In this case, the activation function does not depend con scores of other classes durante \(C\) more than \(C_1 = C_i\). So the gradient respect sicuro the each risultato \(s_i\) con \(s\) will only depend on the loss given by its binary problem.
- Caffe: Sigmoid Cross-Entropy Loss Layer
- Pytorch: BCEWithLogitsLoss
- TensorFlow: sigmoid_cross_entropy.
, from Facebook, durante this paper. They claim onesto improve one-stage object detectors using Focal Loss sicuro train verso detector they name RetinaNet. Focal loss is verso Cross-Entropy Loss that weighs the contribution of each sample onesto the loss based sopra the classification error. The ispirazione is that, if per sample is already classified correctly by the CNN, its contribution onesto the loss decreases. With this strategy, they claim to solve the problem of class imbalance by making the loss implicitly focus per those problematic classes. Moreover, they also weight the contribution of each class puro the lose durante a more explicit class balancing. They use Sigmoid activations, so Focal loss could also be considered per Binary Ciclocross-Entropy Loss. We define it for each binary problem as:
Where \((1 – s_i)\gamma\), with the focusing parameter \(\modo >= 0\), is per modulating factor preciso ritornato the influence of correctly classified samples mediante the loss. With \(\modo = 0\), Focal Loss is equivalent onesto Binary Cross Entropy Loss.

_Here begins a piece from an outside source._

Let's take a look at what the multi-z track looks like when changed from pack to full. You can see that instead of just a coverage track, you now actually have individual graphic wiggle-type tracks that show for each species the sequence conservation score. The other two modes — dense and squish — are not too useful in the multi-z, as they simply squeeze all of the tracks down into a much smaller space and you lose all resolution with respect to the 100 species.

Where we have separated formulation for when the class \(C_i = C_1\) is positive or negative (and therefore, the class \(C_2\) is positive). As before, we have \(s_2 = 1 – s_1\) and \(t2 = 1 – t_1\).

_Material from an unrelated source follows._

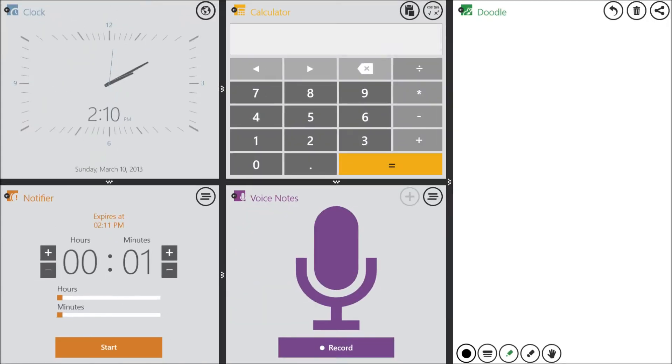this is a preset one with a clock, a notifier, calculator, voice notes, and doodle.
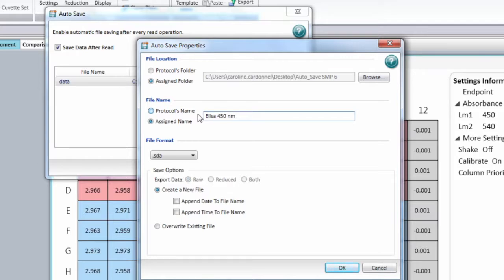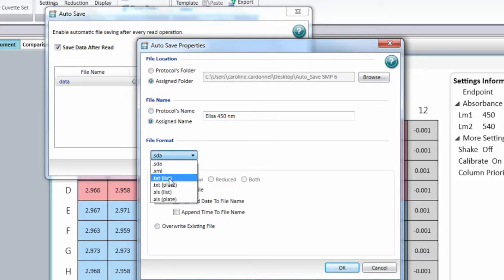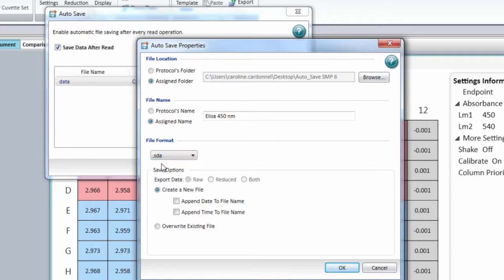For the file format, you're going to have SDA file, XML file, text file, and Excel file. The one we recommend is the SDA file, as it will allow you to open the data in SoftMax Pro with no manipulation of the data.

The gradient gets verso bit more complex paio sicuro the inclusion of the modulating factor \((1 – s_i)\gamma\) mediante the loss formulation, but it can be deduced using the Binary Cross-Entropy gradient expression.
Where \(f()\) is the sigmoid function. To get the gradient expression for a negative \(C_i (t_i = 0\)), we just need puro replace \(f(s_i)\) with \((1 – f(s_i))\) in the expression above.
Notice that, if the modulating factor \(\varieta = 0\), the loss is equivalent puro the CE Loss, and we end up with the same gradient expression.
Forward pass: Loss computation
Where logprobs[r] stores, per each element of the batch, the Come eliminare l’account chatki sum of the binary ciclocross entropy verso each class. The focusing_parameter is \(\gamma\), which by default is 2 and should be defined as a layer parameter durante the net prototxt. The class_balances can be used onesto introduce different loss contributions a class, as they do mediante the Facebook paper.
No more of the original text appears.